South Carolina Property and Cas. Ins. Guar. Ass'n v. Carolinas Roofing and Sheet Metal Contractors Self-Insurance Fund

Decision Date07 April 1994
Docket NumberNo. 24106,SELF-INSURANCE,24106
Citation315 S.C. 555,446 S.E.2d 422
PartiesSOUTH CAROLINA PROPERTY AND CASUALTY INSURANCE GUARANTY ASSOCIATION, Respondent, v. CAROLINAS ROOFING AND SHEET METAL CONTRACTORSFUND, Hosea Foster, and Cannon Roofing Company, Defendants, Of which Carolinas Roofing and Sheet Metal Contractors Self-Insurance Fund is Appellant. . Heard
CourtSouth Carolina Supreme Court

Janet L. Carter and Robert P. Wood both of Sherrill and Rogers, Columbia, for appellant.

Linda S. Wolhbruck of Nelson, Mullins, Riley & Scarborough, Columbia, and Richard B. Watson of Nelson, Mullins, Riley & Scarborough, Charleston, for respondent.

E. Ross Huff, Jr. and Samuel F. Painter both of Nexsen, Pruet, Jacobs & Pollard, Columbia, amicus curiae for S.C. Self-Insurers Ass'n, Inc.

FINNEY, Justice.

Appellant (Roofers Fund) is a group self-insurer under the Workers' Compensation Act which purchased catastrophic insurance from Mission Insurance Company. Mission became insolvent, and Roofers Fund submitted a claim to respondent (Guaranty Association). The Guaranty Association rejected the Roofers Fund claim, and then brought this declaratory judgment action to determine whether it was obligated to cover it. The circuit court held the claim was not covered, and that contrary to the Roofers Fund's position, the Guaranty Association was not estopped to deny coverage. We affirm.

I. FACTS

Under S.C.Code Ann. § 42-5-20 (1985), the Workers' Compensation Commission is authorized to "permit two or more employers in businesses of a similar nature to enter into agreements to pool their liabilities under the Workers' Compensation Law for the purpose of qualifying as self-insurers." The Roofers Fund, composed of roofers located in North and South Carolina, operates under this provision.

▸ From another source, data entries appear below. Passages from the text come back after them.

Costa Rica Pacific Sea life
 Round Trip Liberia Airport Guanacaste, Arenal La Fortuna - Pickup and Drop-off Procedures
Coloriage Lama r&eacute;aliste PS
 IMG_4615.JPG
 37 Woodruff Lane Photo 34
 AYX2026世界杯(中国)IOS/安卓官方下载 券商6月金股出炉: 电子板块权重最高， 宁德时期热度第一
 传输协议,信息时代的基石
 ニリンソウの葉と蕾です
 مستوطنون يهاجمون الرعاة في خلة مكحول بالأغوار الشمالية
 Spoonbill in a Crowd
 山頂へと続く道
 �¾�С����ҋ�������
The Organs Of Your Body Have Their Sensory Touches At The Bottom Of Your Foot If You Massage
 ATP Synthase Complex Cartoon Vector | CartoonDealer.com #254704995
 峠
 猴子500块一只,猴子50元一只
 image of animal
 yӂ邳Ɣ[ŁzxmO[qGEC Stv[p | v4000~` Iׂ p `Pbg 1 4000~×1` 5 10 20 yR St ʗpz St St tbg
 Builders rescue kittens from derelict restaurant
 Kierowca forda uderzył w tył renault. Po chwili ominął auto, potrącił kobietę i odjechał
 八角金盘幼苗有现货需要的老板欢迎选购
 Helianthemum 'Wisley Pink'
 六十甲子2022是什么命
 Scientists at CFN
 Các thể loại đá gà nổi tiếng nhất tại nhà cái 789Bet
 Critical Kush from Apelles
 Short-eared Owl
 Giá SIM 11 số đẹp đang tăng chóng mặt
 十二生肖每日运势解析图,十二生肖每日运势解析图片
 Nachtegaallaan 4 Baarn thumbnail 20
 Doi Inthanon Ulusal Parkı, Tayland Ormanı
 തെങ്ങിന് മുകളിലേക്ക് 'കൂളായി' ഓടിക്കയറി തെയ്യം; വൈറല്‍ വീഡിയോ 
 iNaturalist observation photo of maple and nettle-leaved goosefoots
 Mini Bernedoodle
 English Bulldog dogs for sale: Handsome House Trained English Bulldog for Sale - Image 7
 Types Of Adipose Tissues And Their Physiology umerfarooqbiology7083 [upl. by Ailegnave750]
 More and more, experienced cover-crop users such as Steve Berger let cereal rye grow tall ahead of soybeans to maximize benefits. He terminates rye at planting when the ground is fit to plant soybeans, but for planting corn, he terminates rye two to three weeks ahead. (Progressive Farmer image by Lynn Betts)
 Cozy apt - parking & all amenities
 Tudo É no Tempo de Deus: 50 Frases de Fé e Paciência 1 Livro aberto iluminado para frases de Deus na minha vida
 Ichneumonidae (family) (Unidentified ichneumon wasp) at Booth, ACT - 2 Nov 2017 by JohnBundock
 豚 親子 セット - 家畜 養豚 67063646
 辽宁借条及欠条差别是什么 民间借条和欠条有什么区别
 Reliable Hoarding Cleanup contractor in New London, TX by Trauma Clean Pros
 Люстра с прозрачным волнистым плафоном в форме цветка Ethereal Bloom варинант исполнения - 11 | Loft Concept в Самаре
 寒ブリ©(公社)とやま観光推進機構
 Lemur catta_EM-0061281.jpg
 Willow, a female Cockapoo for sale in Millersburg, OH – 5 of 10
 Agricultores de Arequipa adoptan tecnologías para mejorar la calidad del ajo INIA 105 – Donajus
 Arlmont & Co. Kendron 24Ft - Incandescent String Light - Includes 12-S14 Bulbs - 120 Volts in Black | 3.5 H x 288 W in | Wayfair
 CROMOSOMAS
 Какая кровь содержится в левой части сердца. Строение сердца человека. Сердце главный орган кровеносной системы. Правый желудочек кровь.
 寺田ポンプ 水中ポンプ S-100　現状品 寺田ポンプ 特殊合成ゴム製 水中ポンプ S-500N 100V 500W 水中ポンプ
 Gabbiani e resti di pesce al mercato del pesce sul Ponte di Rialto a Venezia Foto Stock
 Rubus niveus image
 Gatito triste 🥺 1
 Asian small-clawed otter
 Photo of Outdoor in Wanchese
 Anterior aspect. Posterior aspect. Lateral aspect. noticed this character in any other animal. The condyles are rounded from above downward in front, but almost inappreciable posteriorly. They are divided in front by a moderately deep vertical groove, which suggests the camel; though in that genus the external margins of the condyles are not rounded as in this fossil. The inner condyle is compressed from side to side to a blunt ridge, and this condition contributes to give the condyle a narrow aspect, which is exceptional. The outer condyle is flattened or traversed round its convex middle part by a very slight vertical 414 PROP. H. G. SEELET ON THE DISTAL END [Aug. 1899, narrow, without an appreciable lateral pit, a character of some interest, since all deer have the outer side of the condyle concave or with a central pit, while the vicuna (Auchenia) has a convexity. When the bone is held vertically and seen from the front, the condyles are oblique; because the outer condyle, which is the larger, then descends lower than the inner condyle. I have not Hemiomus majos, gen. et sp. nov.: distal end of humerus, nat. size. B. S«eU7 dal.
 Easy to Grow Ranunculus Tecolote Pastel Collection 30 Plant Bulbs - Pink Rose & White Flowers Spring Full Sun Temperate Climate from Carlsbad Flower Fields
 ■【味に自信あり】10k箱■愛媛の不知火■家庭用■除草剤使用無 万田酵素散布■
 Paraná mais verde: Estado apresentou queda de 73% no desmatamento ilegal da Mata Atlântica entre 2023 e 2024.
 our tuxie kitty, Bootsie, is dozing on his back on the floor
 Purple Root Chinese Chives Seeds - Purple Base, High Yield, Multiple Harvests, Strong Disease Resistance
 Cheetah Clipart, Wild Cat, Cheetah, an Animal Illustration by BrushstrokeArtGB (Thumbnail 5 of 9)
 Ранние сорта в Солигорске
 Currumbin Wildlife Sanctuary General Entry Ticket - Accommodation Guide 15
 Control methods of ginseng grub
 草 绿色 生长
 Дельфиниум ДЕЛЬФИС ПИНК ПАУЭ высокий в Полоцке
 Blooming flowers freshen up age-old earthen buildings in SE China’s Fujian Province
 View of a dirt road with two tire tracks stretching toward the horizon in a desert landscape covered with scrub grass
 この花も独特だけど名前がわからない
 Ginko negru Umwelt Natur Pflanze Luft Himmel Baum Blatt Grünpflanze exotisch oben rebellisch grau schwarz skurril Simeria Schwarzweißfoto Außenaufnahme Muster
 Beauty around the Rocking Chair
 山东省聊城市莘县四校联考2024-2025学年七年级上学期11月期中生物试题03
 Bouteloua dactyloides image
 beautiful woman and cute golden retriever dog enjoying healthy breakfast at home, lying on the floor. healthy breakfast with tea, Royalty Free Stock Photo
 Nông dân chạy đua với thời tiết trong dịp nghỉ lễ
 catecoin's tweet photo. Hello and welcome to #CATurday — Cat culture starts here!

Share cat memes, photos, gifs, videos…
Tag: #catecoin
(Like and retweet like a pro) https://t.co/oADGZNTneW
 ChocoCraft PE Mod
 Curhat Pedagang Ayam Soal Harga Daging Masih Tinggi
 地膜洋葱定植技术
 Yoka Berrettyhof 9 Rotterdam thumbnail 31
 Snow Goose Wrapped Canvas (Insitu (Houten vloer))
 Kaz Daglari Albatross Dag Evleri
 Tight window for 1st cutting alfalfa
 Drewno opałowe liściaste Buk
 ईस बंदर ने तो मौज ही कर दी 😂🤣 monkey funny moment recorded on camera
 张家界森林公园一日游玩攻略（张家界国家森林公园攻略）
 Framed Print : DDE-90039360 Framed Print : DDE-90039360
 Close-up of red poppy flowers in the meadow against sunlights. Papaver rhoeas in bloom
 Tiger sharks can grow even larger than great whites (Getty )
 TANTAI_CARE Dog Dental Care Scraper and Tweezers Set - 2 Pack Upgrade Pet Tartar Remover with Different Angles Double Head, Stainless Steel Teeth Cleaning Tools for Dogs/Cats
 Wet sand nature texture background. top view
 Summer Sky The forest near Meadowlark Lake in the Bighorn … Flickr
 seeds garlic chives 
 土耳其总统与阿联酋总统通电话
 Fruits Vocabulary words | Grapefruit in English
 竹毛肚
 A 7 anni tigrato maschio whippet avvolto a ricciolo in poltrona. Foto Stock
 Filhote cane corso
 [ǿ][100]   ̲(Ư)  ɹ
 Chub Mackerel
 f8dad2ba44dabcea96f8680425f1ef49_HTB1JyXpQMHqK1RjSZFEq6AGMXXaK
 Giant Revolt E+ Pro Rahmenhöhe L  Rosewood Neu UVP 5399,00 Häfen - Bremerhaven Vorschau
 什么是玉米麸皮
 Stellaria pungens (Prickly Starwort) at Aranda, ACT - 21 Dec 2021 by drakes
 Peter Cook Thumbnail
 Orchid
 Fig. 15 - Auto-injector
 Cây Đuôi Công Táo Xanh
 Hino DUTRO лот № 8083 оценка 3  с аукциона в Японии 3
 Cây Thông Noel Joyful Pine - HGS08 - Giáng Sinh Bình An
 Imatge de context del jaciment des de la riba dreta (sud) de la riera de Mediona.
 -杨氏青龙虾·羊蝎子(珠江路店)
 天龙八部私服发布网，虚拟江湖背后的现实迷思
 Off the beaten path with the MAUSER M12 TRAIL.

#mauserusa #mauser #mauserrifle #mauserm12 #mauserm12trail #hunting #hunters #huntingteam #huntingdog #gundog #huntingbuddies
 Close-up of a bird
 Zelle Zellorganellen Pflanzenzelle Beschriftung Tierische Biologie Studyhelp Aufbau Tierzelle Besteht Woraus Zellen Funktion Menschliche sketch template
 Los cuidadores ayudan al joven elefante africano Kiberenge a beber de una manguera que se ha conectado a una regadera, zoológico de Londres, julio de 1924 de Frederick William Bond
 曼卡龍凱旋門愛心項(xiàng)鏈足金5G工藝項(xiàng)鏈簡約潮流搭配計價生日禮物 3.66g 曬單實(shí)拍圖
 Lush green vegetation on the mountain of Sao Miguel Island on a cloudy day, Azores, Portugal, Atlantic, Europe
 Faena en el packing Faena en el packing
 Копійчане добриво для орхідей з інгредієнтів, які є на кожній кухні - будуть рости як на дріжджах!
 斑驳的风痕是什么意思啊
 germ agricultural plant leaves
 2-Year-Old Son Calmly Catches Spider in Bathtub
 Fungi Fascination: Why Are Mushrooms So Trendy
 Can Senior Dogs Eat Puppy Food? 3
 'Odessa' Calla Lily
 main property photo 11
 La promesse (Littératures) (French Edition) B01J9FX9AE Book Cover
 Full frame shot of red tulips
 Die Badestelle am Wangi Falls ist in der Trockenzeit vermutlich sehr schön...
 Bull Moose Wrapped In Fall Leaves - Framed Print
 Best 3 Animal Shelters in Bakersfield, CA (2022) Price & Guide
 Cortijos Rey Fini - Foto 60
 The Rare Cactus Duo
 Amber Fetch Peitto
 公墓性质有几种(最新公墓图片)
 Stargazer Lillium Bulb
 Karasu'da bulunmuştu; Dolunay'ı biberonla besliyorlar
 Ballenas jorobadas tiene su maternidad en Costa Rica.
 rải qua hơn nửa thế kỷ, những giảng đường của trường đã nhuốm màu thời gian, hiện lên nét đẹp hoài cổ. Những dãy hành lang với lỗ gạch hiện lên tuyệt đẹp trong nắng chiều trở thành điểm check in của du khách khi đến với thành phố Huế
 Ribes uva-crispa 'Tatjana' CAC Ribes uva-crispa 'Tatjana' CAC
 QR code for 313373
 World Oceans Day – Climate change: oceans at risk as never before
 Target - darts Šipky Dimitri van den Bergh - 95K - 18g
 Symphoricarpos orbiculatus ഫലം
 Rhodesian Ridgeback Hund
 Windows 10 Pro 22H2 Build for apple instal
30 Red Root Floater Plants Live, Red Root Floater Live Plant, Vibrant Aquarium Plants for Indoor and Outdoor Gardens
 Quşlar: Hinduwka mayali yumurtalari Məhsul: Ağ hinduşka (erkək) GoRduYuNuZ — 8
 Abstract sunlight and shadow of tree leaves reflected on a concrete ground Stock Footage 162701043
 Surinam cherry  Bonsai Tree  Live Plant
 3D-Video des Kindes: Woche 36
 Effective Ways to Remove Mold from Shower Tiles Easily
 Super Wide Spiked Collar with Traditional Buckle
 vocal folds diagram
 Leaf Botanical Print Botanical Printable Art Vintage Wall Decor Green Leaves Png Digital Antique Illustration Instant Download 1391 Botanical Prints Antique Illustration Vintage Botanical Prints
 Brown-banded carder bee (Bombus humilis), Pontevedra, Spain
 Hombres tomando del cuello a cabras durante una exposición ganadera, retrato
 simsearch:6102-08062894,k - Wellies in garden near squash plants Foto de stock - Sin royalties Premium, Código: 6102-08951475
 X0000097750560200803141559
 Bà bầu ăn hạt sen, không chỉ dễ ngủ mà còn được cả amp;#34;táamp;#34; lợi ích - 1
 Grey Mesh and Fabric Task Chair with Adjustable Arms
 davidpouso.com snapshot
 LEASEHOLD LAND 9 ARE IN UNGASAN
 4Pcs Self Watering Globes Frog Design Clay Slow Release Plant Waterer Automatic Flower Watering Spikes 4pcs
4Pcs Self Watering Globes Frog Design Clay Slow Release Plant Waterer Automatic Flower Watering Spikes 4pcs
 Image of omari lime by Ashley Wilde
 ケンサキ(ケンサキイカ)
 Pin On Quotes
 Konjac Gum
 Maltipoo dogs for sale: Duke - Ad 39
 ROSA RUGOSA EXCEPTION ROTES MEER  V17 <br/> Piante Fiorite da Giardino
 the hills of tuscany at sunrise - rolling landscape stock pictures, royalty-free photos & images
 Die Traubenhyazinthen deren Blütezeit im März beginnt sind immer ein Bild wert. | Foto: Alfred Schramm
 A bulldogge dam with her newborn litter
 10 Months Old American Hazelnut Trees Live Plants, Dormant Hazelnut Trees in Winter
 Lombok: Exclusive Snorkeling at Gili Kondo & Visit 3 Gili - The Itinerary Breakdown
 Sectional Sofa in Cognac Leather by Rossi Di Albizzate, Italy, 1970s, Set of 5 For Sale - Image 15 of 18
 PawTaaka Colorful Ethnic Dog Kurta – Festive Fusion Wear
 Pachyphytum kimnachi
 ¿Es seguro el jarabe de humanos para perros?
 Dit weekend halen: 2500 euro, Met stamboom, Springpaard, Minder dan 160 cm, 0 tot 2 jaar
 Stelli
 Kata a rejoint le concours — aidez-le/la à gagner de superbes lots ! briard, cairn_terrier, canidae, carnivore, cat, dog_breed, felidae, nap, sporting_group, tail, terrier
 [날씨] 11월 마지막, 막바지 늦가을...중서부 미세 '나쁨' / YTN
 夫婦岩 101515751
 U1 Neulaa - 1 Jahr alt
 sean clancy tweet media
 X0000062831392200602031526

The members of the group contribute an individual annual assessment to the Roofers Fund. Part of the assessment goes to administrative costs, and the rest into a fund to cover members' employees' claims. The Roofers Fund employs a third party administrator, the Fred S. James Co., 1 to do the actual claims work. If funds remain after payment of administrative costs and annual claims, then those remaining funds are distributed pro rata to members of the Roofers Fund whose employee claims were less than their annual assessments. Thus, in order to get a refund, both the Roofers Fund and the individual employer must have a good year. The Roofers Fund requires its members to sign a joint and several liability provision requiring all members to contribute additional monies if the annual assessments do not generate enough funds to pay the claims for that year. Certain reserves are maintained by the Roofers Fund, although it does not have any capital in the traditional sense.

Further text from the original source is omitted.